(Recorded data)
◇ ◇ ◇ ◇ ◇ ◇ ◇
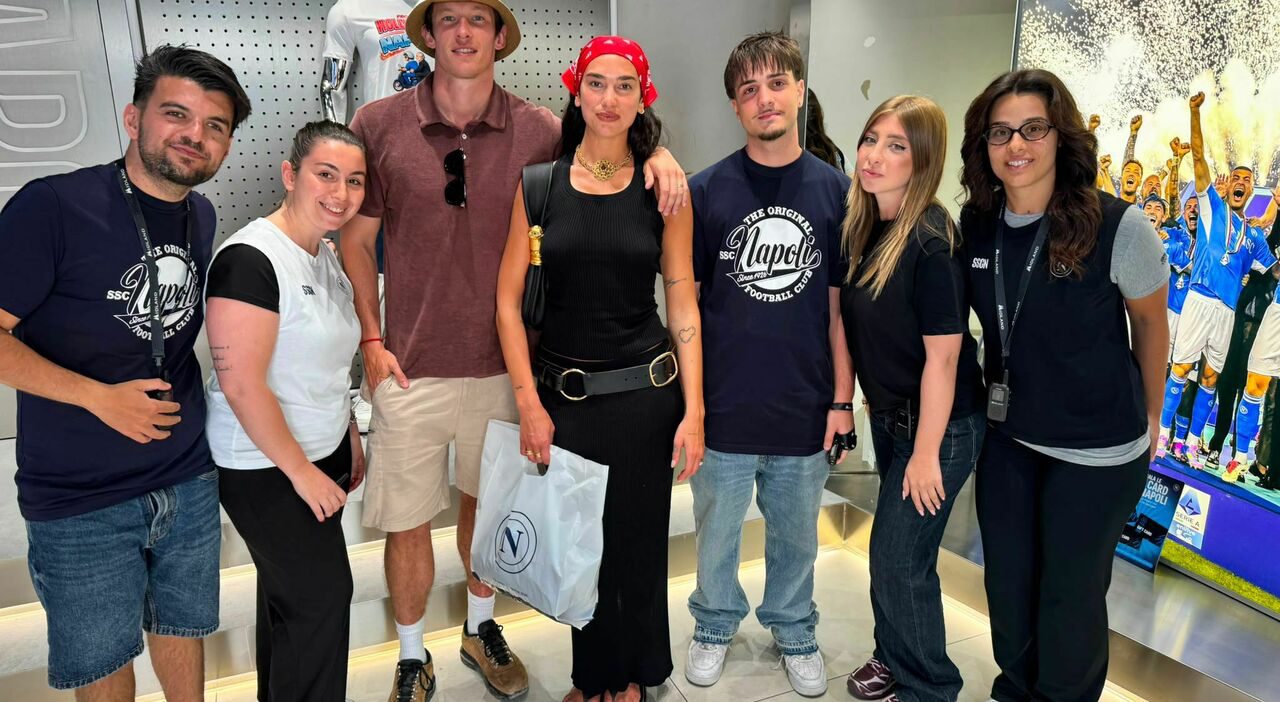 Dua Lipa in luna di miele a Napoli, pizza speciale e shopping nello store azzurro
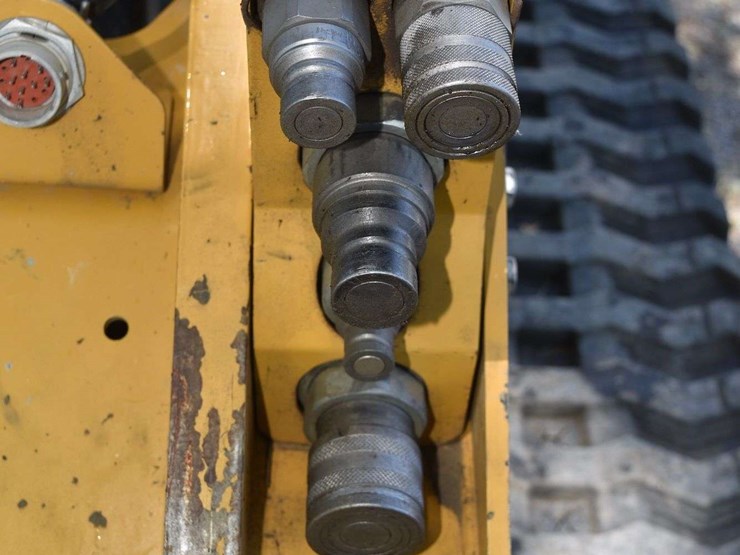 2016-caterpillar-d2-image-34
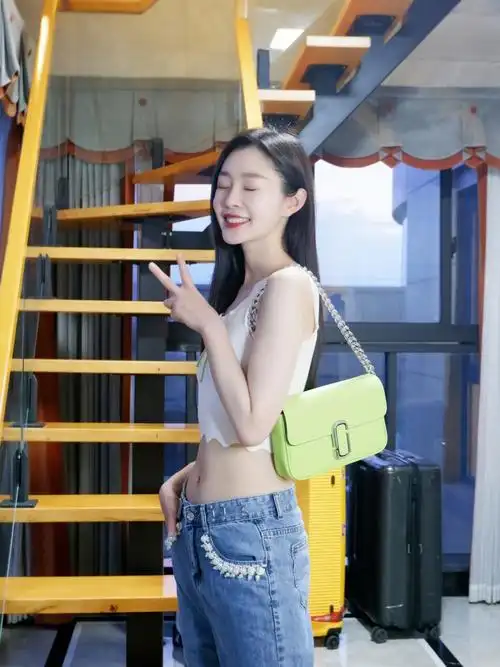 宋轶inmarcjacobsjmarc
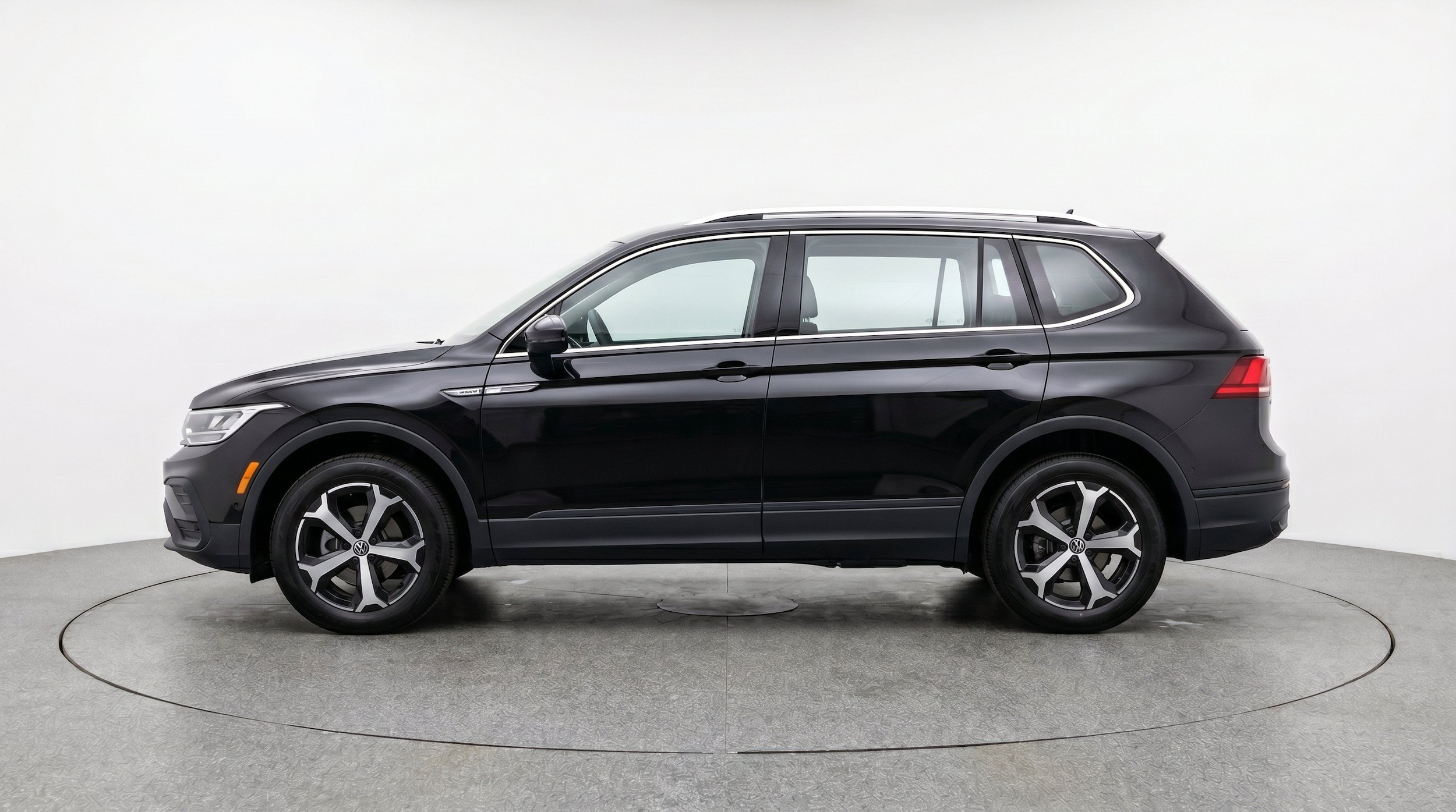 Thumbnail: 2026 Volkswagen Tiguan - 5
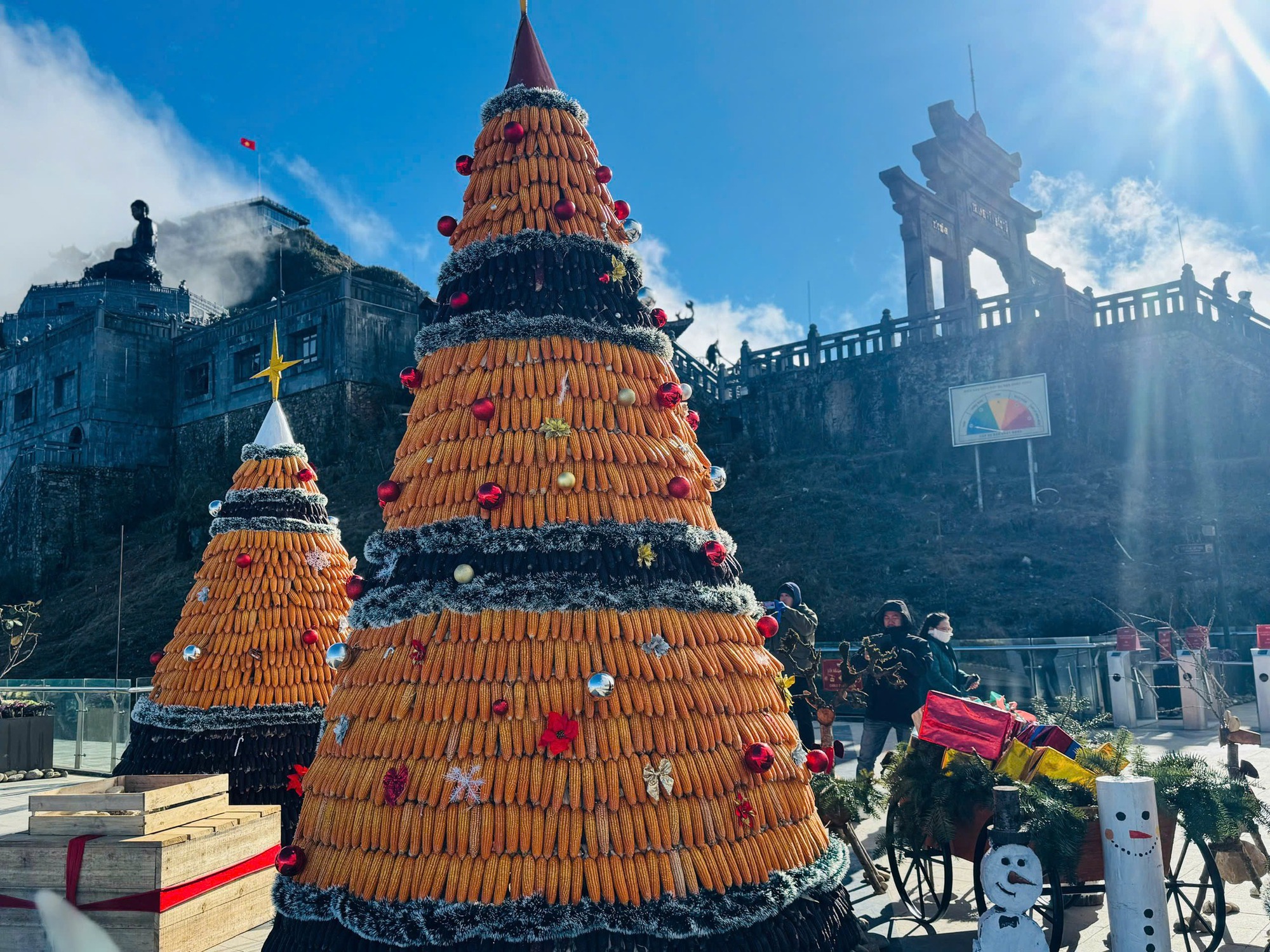 Chiều nay: Một nơi tại Việt Nam xuống 1 độ C, tuyết đã rơi!- Ảnh 4. Chiều nay: Một nơi tại Việt Nam xuống 1 độ C, tuyết đã rơi!- Ảnh 4.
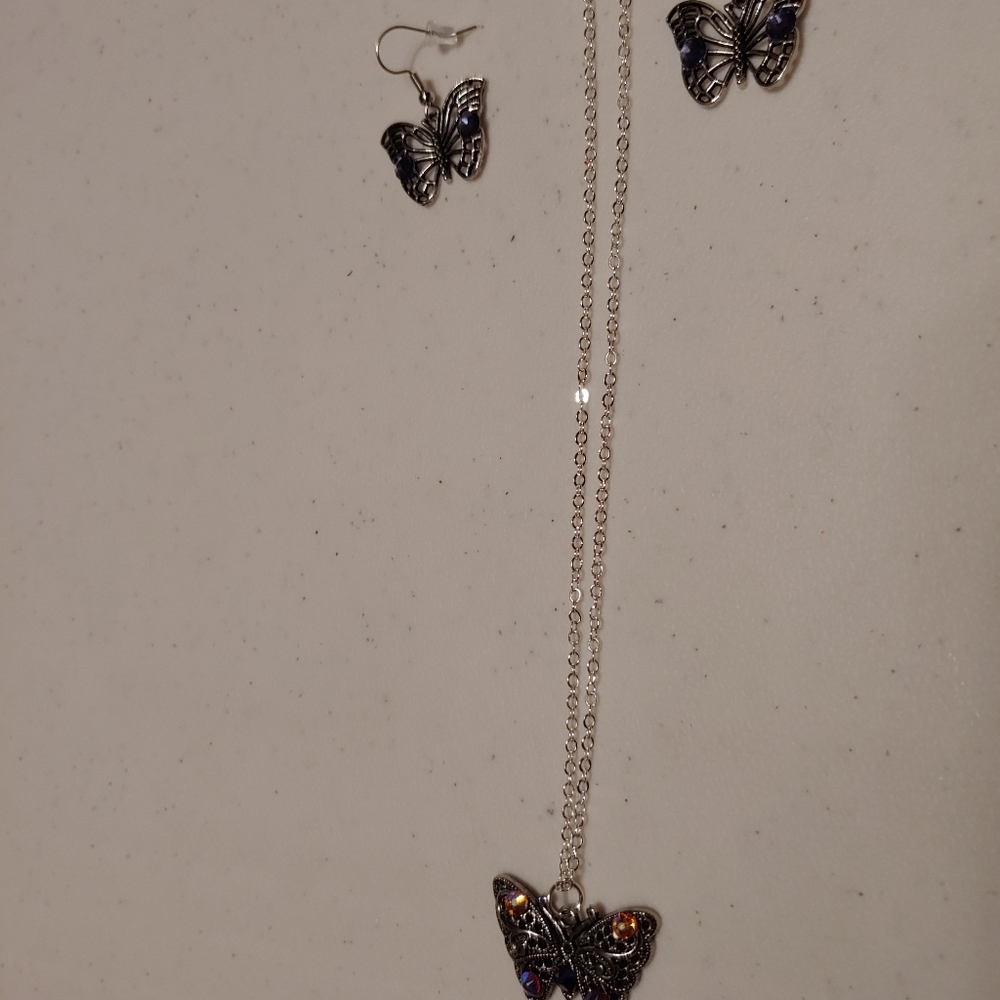 Butterfly set - Picture 3 of 7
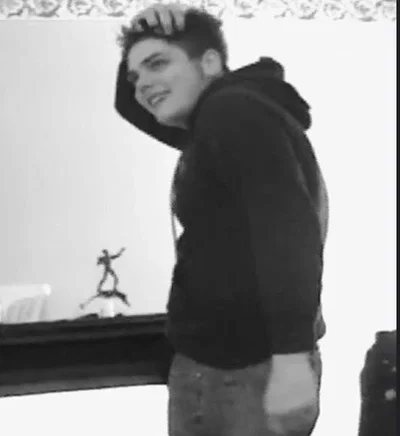 ⤷  ゙GERARD WAY ˎˊ˗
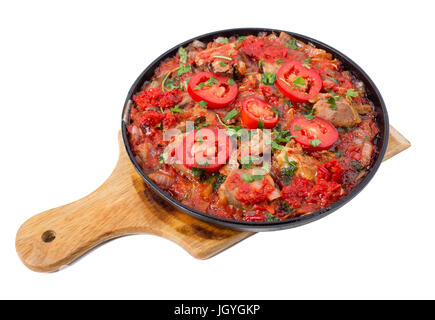 Ragoût de boeuf fromage Tomates et d'oignons. Isolé sur un fond blanc. Banque D'Images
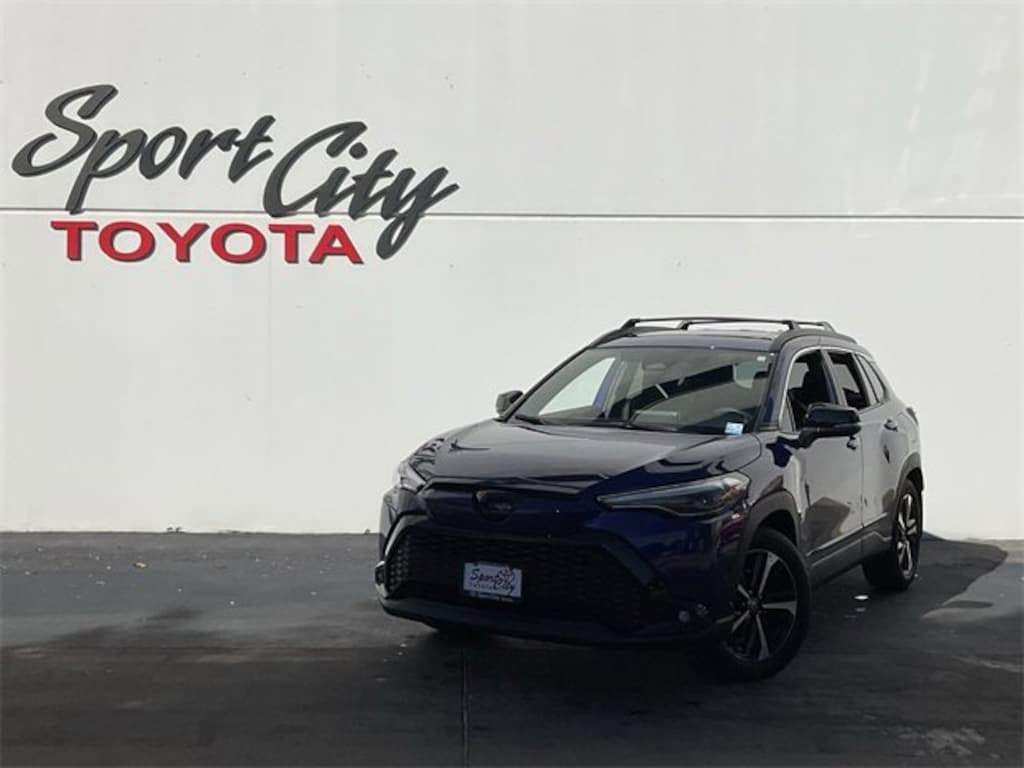 Used 2025 Toyota Corolla Cross Hybrid XSE SUV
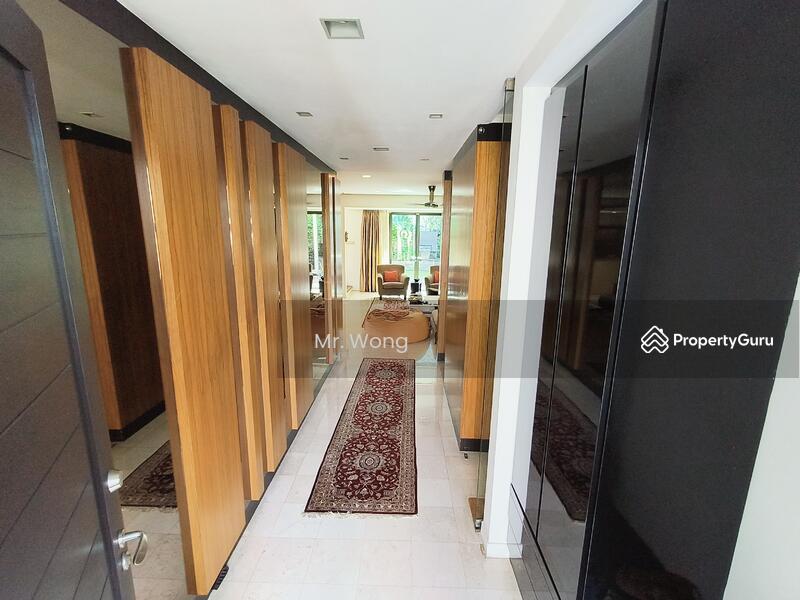 Untuk Dijual - Danau Villa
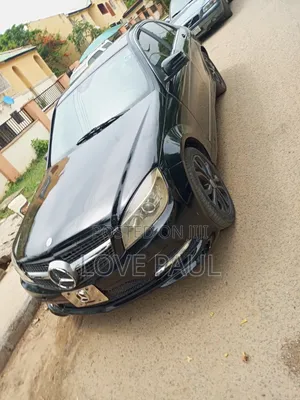 Mercedes-Benz C300 2009 Black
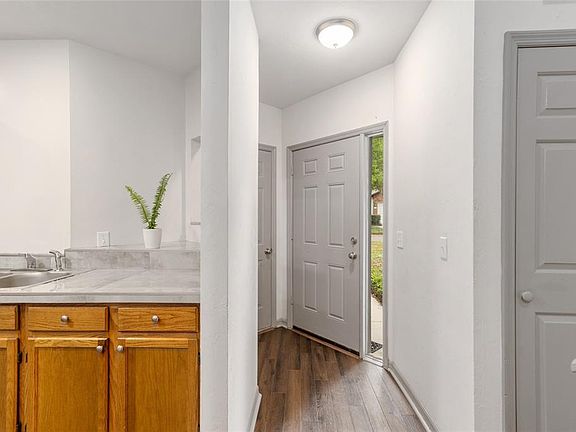 3rd image of 938 NW 42nd Ter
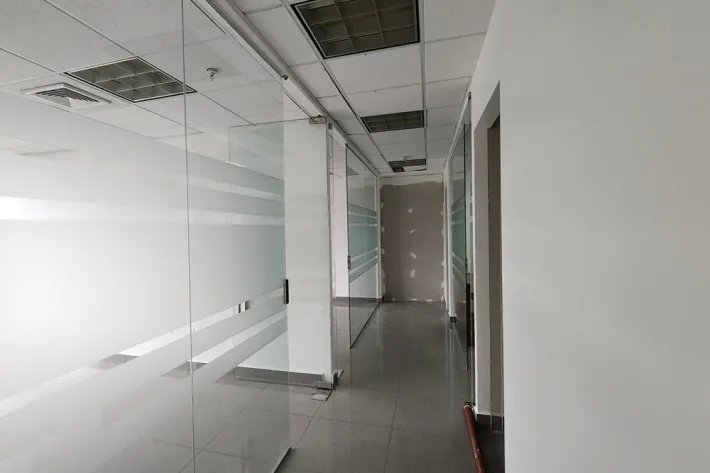 Alquiler de oficina vacía en ph torre aseguradora ancón, costa del este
◇ ◇ ◇ ◇ ◇ ◇ ◇
* _EXERCISE PROMPT_: Omit the pictures and print again exactly the lines from the one with "Ảnh 4. Chiều" through the final line of the entries, both ends included.

* _SOLUTION TO THIS TASK_:
 Chiều nay: Một nơi tại Việt Nam xuống 1 độ C, tuyết đã rơi!- Ảnh 4. Chiều nay: Một nơi tại Việt Nam xuống 1 độ C, tuyết đã rơi!- Ảnh 4.
 Butterfly set - Picture 3 of 7
 ⤷  ゙GERARD WAY ˎˊ˗
 Ragoût de boeuf fromage Tomates et d'oignons. Isolé sur un fond blanc. Banque D'Images
 Used 2025 Toyota Corolla Cross Hybrid XSE SUV
 Untuk Dijual - Danau Villa
 Mercedes-Benz C300 2009 Black
 3rd image of 938 NW 42nd Ter
 Alquiler de oficina vacía en ph torre aseguradora ancón, costa del este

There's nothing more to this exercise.